Records:
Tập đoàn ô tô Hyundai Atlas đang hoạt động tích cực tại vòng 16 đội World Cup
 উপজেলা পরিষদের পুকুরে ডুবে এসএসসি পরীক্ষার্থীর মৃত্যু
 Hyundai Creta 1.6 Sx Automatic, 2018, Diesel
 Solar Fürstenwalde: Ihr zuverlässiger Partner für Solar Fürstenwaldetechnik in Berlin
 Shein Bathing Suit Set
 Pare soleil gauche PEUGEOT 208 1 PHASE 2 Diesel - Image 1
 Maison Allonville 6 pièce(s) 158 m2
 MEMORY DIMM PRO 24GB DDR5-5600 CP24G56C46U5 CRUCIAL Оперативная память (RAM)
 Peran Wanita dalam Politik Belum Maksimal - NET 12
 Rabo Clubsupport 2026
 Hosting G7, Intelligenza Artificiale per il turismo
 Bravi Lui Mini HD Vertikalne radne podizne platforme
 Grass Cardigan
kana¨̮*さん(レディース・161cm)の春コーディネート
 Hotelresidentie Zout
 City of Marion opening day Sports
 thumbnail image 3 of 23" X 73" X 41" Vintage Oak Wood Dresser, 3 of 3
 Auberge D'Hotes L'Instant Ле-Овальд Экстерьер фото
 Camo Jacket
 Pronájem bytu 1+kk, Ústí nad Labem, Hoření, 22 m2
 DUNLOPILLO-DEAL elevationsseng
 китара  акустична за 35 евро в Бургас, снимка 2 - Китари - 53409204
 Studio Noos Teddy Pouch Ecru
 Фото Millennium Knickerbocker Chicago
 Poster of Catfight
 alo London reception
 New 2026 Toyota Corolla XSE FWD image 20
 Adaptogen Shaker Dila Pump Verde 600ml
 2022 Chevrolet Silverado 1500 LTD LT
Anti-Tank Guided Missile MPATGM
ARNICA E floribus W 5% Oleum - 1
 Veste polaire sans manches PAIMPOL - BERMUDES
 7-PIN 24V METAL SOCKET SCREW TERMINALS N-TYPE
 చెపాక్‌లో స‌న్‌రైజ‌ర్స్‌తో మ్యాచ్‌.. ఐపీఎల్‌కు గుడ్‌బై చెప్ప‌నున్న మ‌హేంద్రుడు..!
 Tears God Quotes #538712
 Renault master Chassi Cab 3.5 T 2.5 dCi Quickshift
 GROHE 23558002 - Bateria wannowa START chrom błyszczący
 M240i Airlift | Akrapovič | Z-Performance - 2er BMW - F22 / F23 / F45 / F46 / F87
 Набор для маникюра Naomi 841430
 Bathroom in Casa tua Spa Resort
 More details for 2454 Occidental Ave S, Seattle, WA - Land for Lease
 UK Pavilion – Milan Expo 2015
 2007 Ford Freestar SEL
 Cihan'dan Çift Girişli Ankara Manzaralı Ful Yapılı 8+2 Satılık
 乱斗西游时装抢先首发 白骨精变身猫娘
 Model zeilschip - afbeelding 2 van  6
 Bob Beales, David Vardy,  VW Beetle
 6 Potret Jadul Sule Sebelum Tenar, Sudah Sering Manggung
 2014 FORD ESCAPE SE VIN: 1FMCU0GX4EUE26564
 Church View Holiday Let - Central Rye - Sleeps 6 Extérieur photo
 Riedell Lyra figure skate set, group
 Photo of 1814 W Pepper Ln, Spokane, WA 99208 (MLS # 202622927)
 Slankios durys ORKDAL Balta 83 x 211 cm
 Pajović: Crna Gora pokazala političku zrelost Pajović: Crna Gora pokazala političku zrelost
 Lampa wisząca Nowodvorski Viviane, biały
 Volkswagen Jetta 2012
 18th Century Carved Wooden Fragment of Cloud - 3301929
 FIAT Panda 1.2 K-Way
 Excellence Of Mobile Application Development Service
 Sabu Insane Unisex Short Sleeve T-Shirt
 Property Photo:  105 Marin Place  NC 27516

Problem to work on: All of the records above need to be copied exactly.

Answer box:
Tập đoàn ô tô Hyundai Atlas đang hoạt động tích cực tại vòng 16 đội World Cup
 উপজেলা পরিষদের পুকুরে ডুবে এসএসসি পরীক্ষার্থীর মৃত্যু
 Hyundai Creta 1.6 Sx Automatic, 2018, Diesel
 Solar Fürstenwalde: Ihr zuverlässiger Partner für Solar Fürstenwaldetechnik in Berlin
 Shein Bathing Suit Set
 Pare soleil gauche PEUGEOT 208 1 PHASE 2 Diesel - Image 1
 Maison Allonville 6 pièce(s) 158 m2
 MEMORY DIMM PRO 24GB DDR5-5600 CP24G56C46U5 CRUCIAL Оперативная память (RAM)
 Peran Wanita dalam Politik Belum Maksimal - NET 12
 Rabo Clubsupport 2026
 Hosting G7, Intelligenza Artificiale per il turismo
 Bravi Lui Mini HD Vertikalne radne podizne platforme
 Grass Cardigan
kana¨̮*さん(レディース・161cm)の春コーディネート
 Hotelresidentie Zout
 City of Marion opening day Sports
 thumbnail image 3 of 23" X 73" X 41" Vintage Oak Wood Dresser, 3 of 3
 Auberge D'Hotes L'Instant Ле-Овальд Экстерьер фото
 Camo Jacket
 Pronájem bytu 1+kk, Ústí nad Labem, Hoření, 22 m2
 DUNLOPILLO-DEAL elevationsseng
 китара  акустична за 35 евро в Бургас, снимка 2 - Китари - 53409204
 Studio Noos Teddy Pouch Ecru
 Фото Millennium Knickerbocker Chicago
 Poster of Catfight
 alo London reception
 New 2026 Toyota Corolla XSE FWD image 20
 Adaptogen Shaker Dila Pump Verde 600ml
 2022 Chevrolet Silverado 1500 LTD LT
Anti-Tank Guided Missile MPATGM
ARNICA E floribus W 5% Oleum - 1
 Veste polaire sans manches PAIMPOL - BERMUDES
 7-PIN 24V METAL SOCKET SCREW TERMINALS N-TYPE
 చెపాక్‌లో స‌న్‌రైజ‌ర్స్‌తో మ్యాచ్‌.. ఐపీఎల్‌కు గుడ్‌బై చెప్ప‌నున్న మ‌హేంద్రుడు..!
 Tears God Quotes #538712
 Renault master Chassi Cab 3.5 T 2.5 dCi Quickshift
 GROHE 23558002 - Bateria wannowa START chrom błyszczący
 M240i Airlift | Akrapovič | Z-Performance - 2er BMW - F22 / F23 / F45 / F46 / F87
 Набор для маникюра Naomi 841430
 Bathroom in Casa tua Spa Resort
 More details for 2454 Occidental Ave S, Seattle, WA - Land for Lease
 UK Pavilion – Milan Expo 2015
 2007 Ford Freestar SEL
 Cihan'dan Çift Girişli Ankara Manzaralı Ful Yapılı 8+2 Satılık
 乱斗西游时装抢先首发 白骨精变身猫娘
 Model zeilschip - afbeelding 2 van  6
 Bob Beales, David Vardy,  VW Beetle
 6 Potret Jadul Sule Sebelum Tenar, Sudah Sering Manggung
 2014 FORD ESCAPE SE VIN: 1FMCU0GX4EUE26564
 Church View Holiday Let - Central Rye - Sleeps 6 Extérieur photo
 Riedell Lyra figure skate set, group
 Photo of 1814 W Pepper Ln, Spokane, WA 99208 (MLS # 202622927)
 Slankios durys ORKDAL Balta 83 x 211 cm
 Pajović: Crna Gora pokazala političku zrelost Pajović: Crna Gora pokazala političku zrelost
 Lampa wisząca Nowodvorski Viviane, biały
 Volkswagen Jetta 2012
 18th Century Carved Wooden Fragment of Cloud - 3301929
 FIAT Panda 1.2 K-Way
 Excellence Of Mobile Application Development Service
 Sabu Insane Unisex Short Sleeve T-Shirt
 Property Photo:  105 Marin Place  NC 27516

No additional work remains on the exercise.